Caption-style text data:

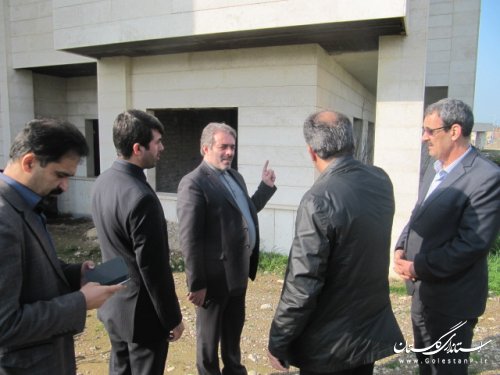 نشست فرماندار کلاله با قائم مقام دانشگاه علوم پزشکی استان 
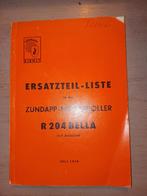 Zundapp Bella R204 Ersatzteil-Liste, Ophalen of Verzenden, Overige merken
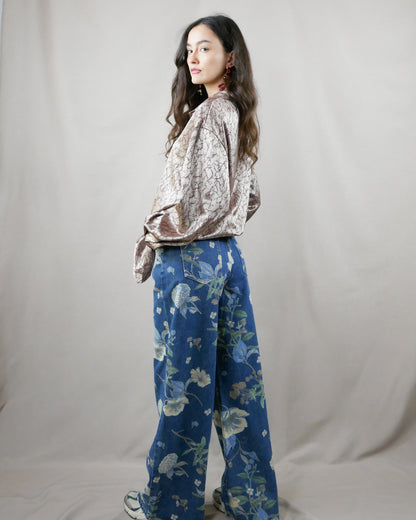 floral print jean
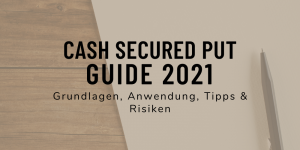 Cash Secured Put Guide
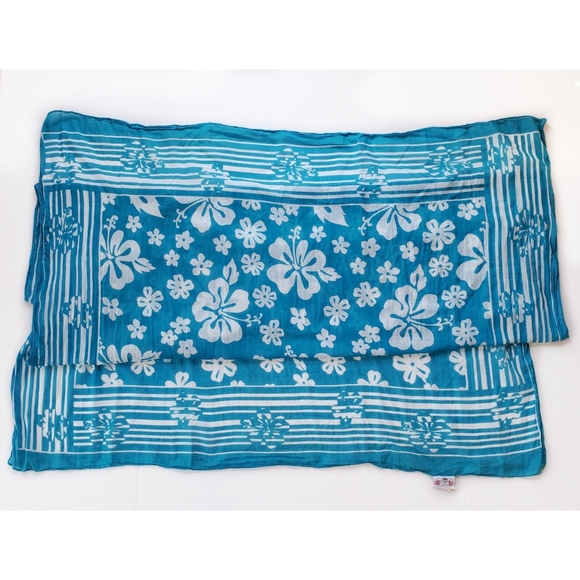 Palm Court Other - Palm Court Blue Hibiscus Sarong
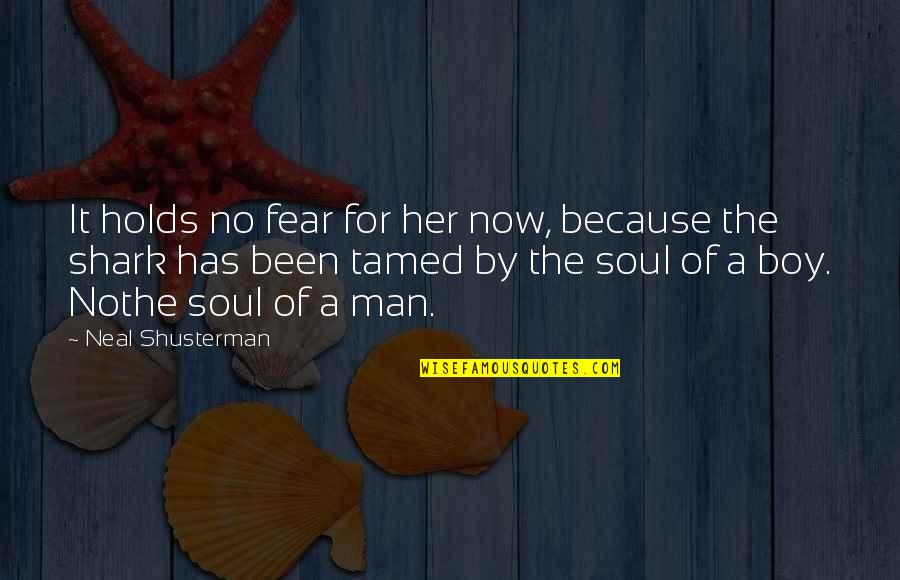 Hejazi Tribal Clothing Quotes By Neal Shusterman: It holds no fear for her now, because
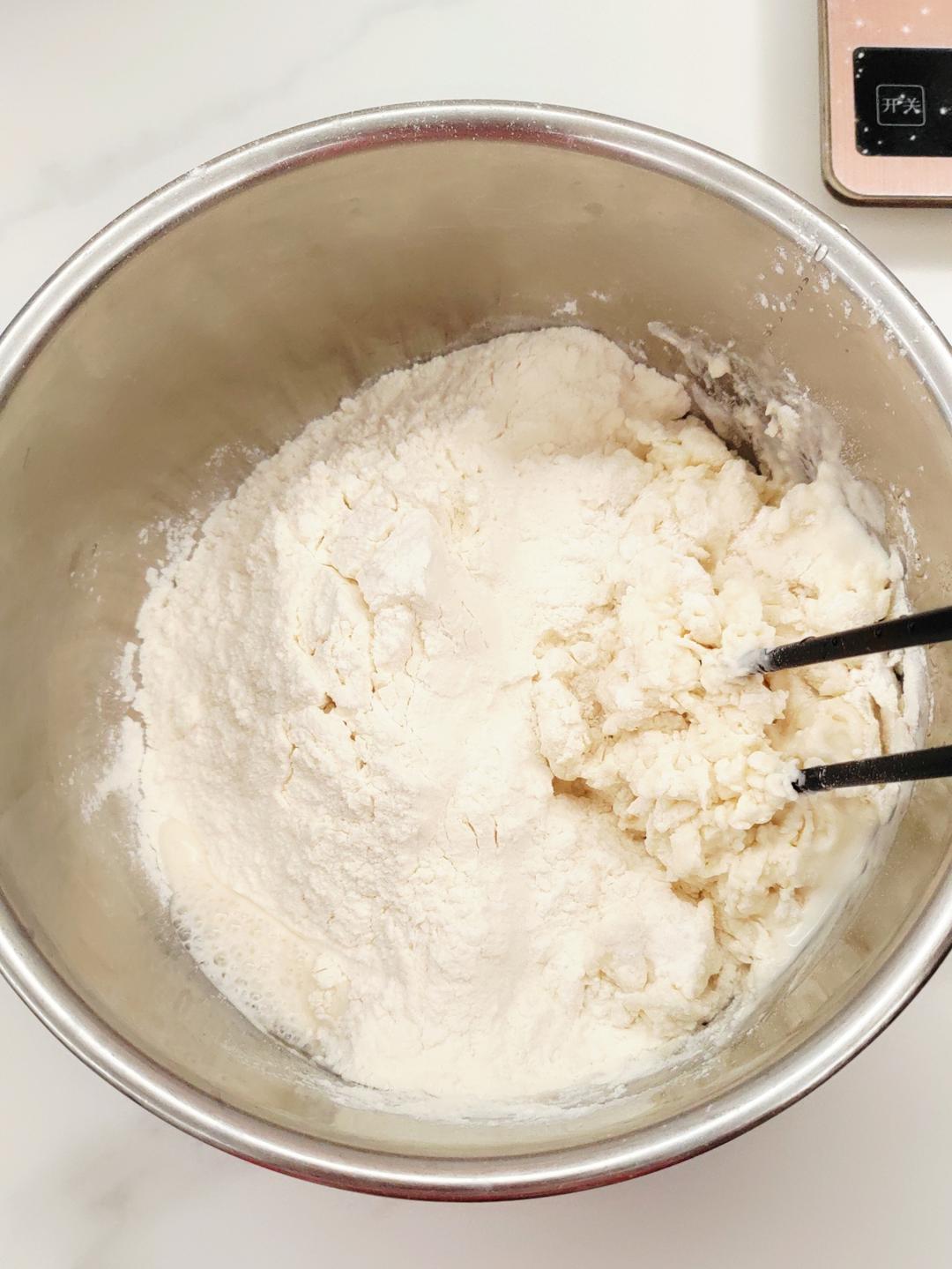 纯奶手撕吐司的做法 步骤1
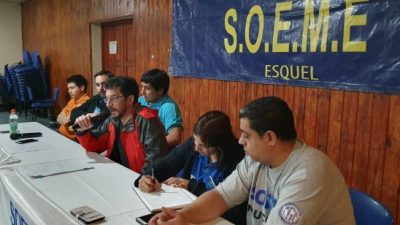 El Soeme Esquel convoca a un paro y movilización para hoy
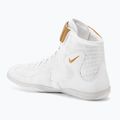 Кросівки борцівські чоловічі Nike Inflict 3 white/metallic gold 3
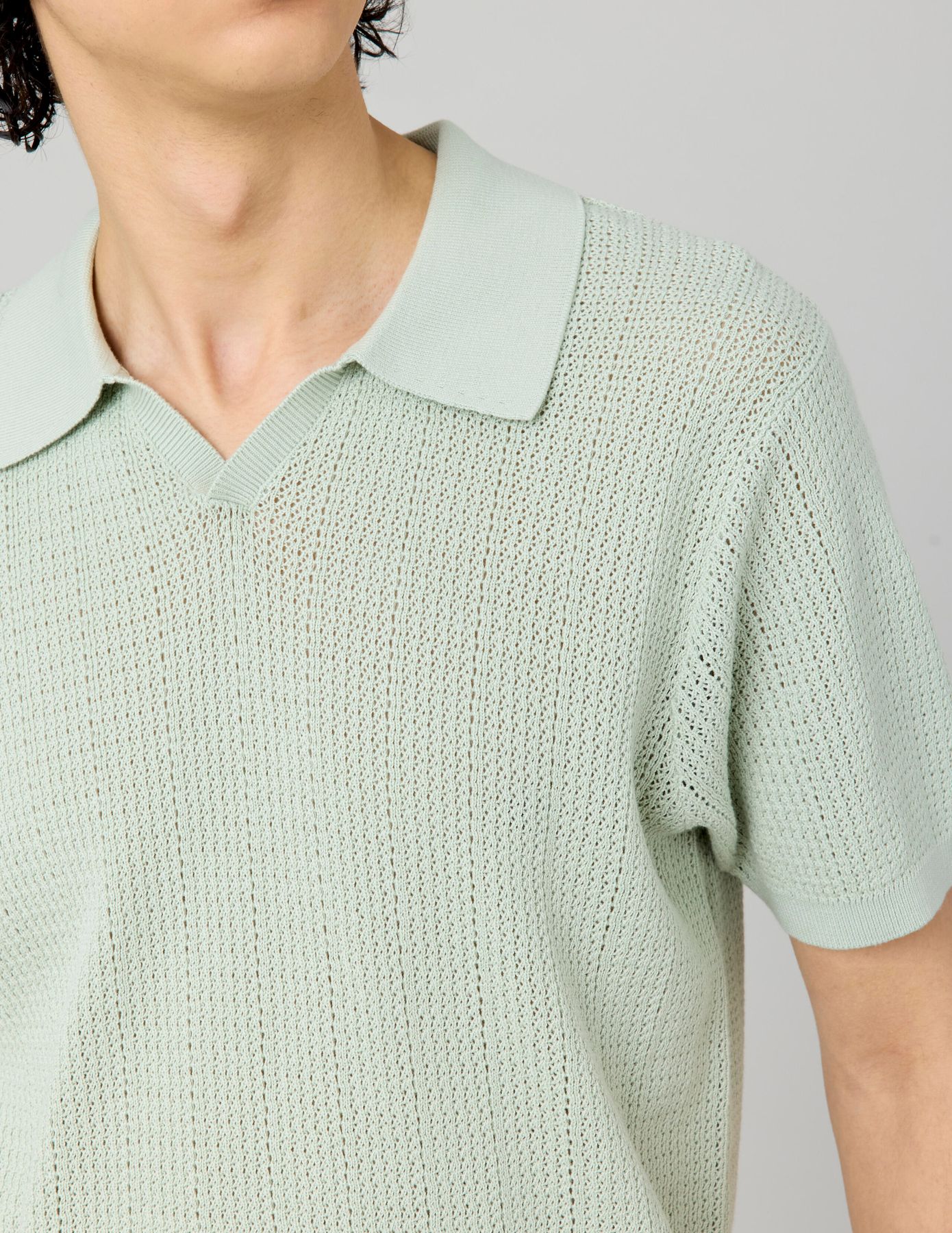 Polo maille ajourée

▶ _Task to complete_
In the records, the line containing "floral print jean" starts the span and the final line ends it. Output exactly that span, both ends included, with no pictures and nothing else.

▶ _Problem solution_
 floral print jean
 Cash Secured Put Guide
 Palm Court Other - Palm Court Blue Hibiscus Sarong
 Hejazi Tribal Clothing Quotes By Neal Shusterman: It holds no fear for her now, because
 纯奶手撕吐司的做法 步骤1
 El Soeme Esquel convoca a un paro y movilización para hoy
 Кросівки борцівські чоловічі Nike Inflict 3 white/metallic gold 3
 Polo maille ajourée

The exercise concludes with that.